* **The problem**: Report each line from the entries in which "diagram" can be found.

* **Given information**:
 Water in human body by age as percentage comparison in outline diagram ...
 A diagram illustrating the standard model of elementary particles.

--

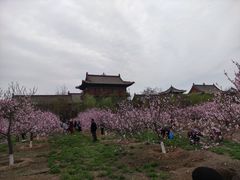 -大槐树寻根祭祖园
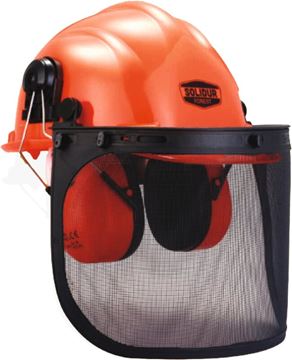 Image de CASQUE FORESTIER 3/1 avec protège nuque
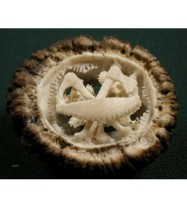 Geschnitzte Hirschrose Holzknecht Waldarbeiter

==

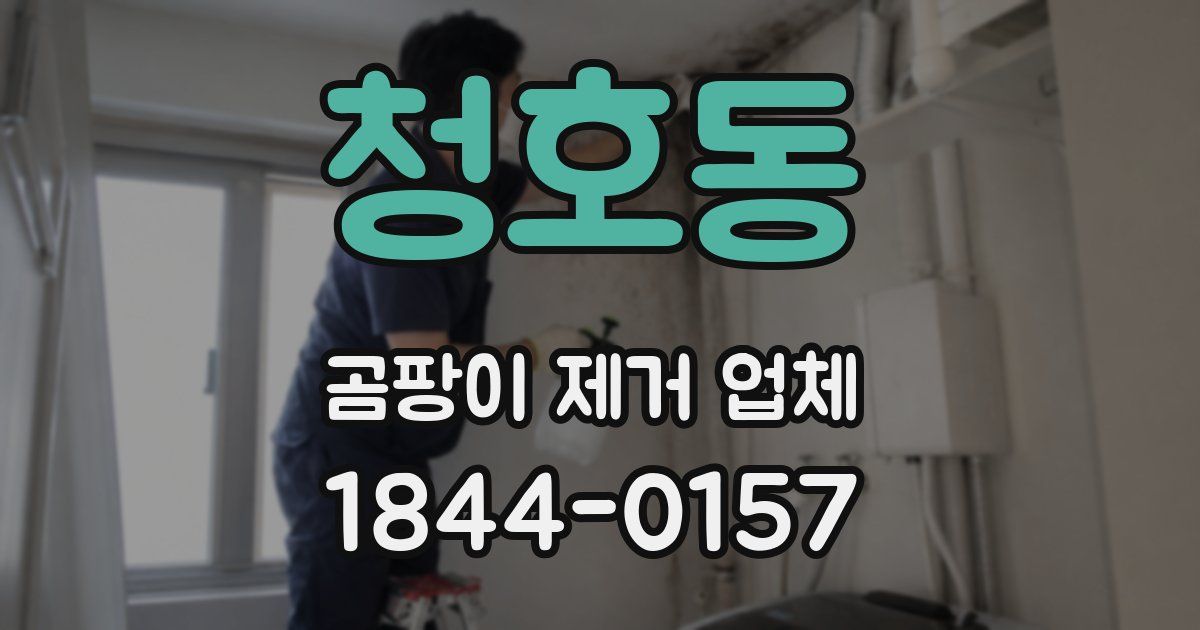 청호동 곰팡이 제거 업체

* **Written solution**:
 Water in human body by age as percentage comparison in outline diagram ...
 A diagram illustrating the standard model of elementary particles.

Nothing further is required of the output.